Our problems began shortly after we moved through the new shopping developments that flank the canal and realised there was some sort of canoe racing about to start.  We didn't expect that it would actually take place in and around us until the first batch of rowers came past as we approached Hardwick lock - passing on both sides, in fact, and cutting in front of us with no obvious regard for their own safety.  As we approached the lock we could see the youngsters hauling their canoes out of the water, running with them up the side of the lock and then depositing them back into the water right in front of another narrowboat waiting to come down.  Despite all the warnings from the man holding the boat, they ignored him and raced back into the water.  Behind us a barge arrived with the people on board clearly furious that there had been no warning of the racing, there were no signs to say where the course began and ended and virtually no stewarding of the racers who clearly had no idea how to pass other boats in safety.  He said he had telephoned BW and given Plodder's name as witness and we were happy with that. 

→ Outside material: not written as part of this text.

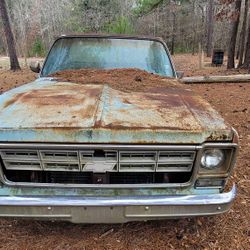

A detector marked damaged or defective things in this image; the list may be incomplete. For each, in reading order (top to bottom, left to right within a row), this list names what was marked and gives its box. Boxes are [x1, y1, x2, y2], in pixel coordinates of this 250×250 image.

corroded metal [0, 79, 232, 144]
rusty vintage truck [0, 34, 238, 223]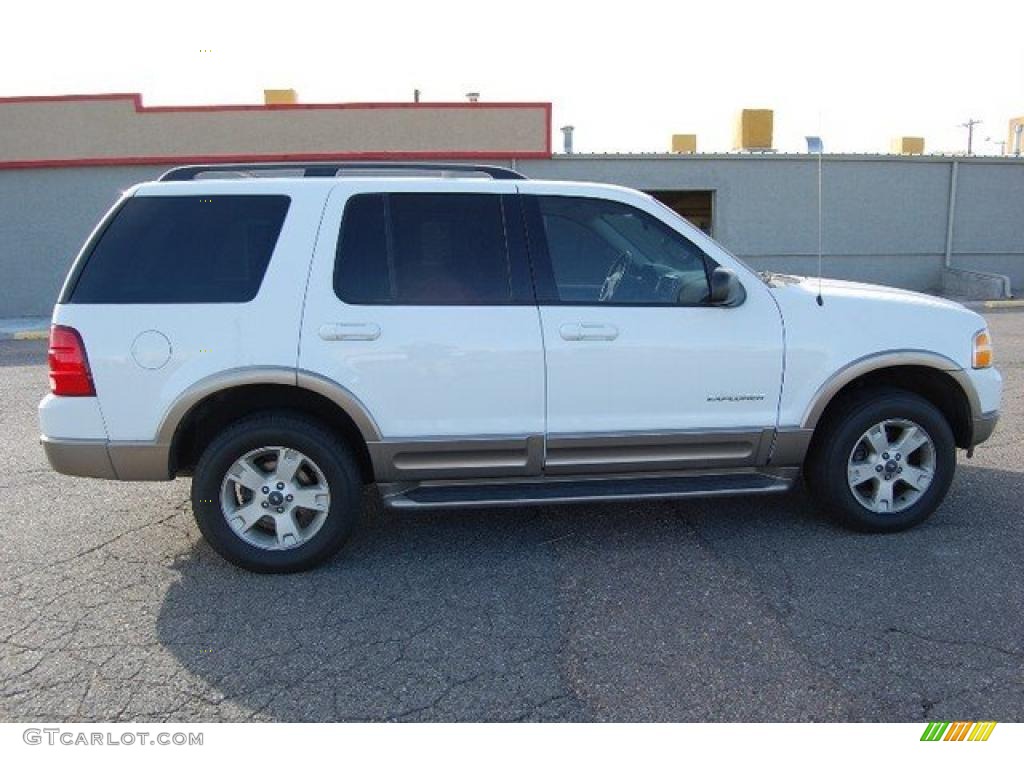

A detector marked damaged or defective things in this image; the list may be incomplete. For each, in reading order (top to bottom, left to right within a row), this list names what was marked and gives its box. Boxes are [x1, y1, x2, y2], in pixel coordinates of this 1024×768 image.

The tensions grew, however, as we moved on up the canal until they almost erupted when a group of more mature young men, on their way back down the course, again started passing on both sides, one of them cutting inside us as we came out under a bridge.  Only quick thinking at the tiller saved his boat from being crushed - the oarsman was already scrambling up onto the towpath to safety. 
The rest of the day was comparatively uneventful and after I had assured Dave and Susan that this was not an everyday feature of life on the Cut we moored at our planned destination just short of Fenny Compton where we enjoyed a welcome meal and a beer.   
 
        
Susan and David at Napton Locks 
October 27 
Another very early start in splendid weather  brought us to Napton locks without meeting other boats but soon we were passing others coming up, making our passage through very quick and easy, although Dave admitted he felt a bit tense with all the scurrying to and fro around us.  He didn't look it, bringing the boat in and out of the locks like an old hand.  At the bottom of the flight we watered and then continued on through the darkening afternoon, mooring close to the Royal Oak a short run from Hillmorton Locks.   The plan had been to arrive at Rugby next day where Dave and Susan had booked a boat-handling course for the 27th.  I would leave them there and they would then bring the boat on to Stoke Golding in their own time.  Unfortunately that night Sue was violently and repeatedly sick . 
 
October 28 
We were up and about fairly early again ready for the trip to Rugby but Dave looked worried.  Sue had been sick again that morning, felt dizzy and nauseous and could hardly stand, much less attend a full-day's boat-handling course.  And she certainly could not help Dave over the next  few days to get Plodder up to the Ashby.   I offered to stay on board and help them get back to familiar territory as quickly as possible while Dave tried to postpone the course, ringing up first thing that morning. The people running the course would have none of it even though Dave was happy to fit in with any day offered next year at short notice when the instructors might have a slot free at the last moment.   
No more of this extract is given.